EXERCISE DIRECTIONS: Every line from the one with "Caneca Longo para" through the last line below should be repeated exactly; pictures stay out of the copy.

GIVEN MATERIAL:
◆ ◆ ◆
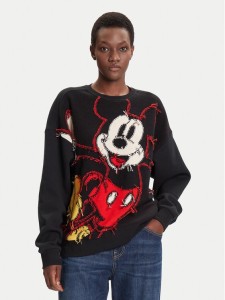 Desigual Bluza Hello Mickey 25WWSK14 Czarny Regular Fit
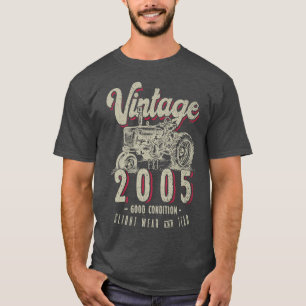 Vintage Tractor Farmer Birthday Born In 2005 & Est T-Shirt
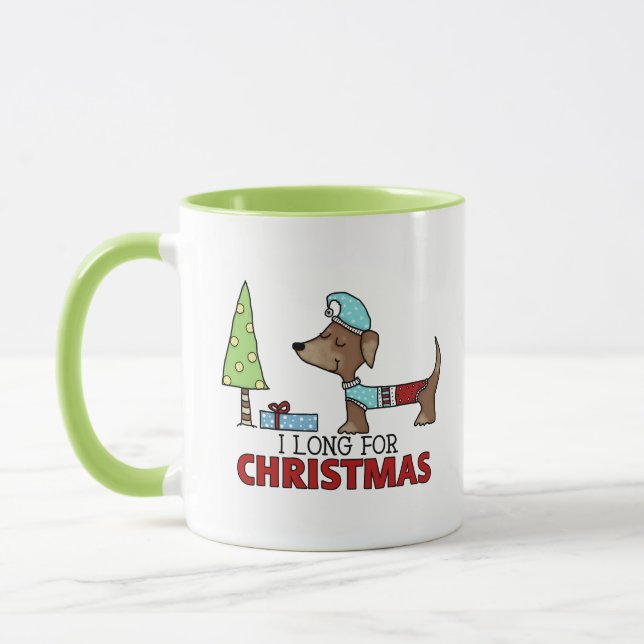 Caneca Longo para o Natal-Dachshund (Esquerda)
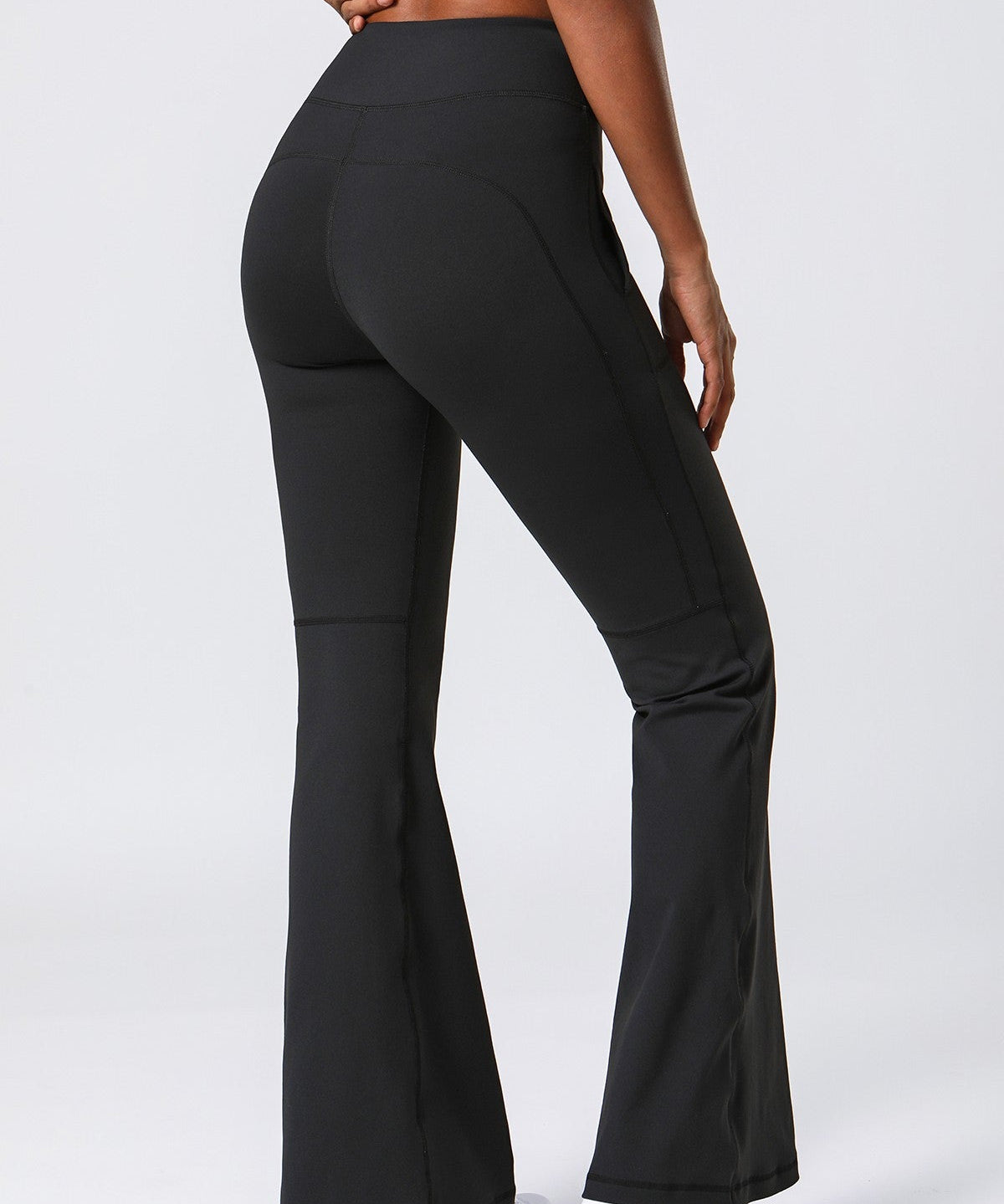 High Waist Flared Pants with Pockets by bornfocus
◆ ◆ ◆
OUTPUT OF THE EXERCISE:
 Caneca Longo para o Natal-Dachshund (Esquerda)
 High Waist Flared Pants with Pockets by bornfocus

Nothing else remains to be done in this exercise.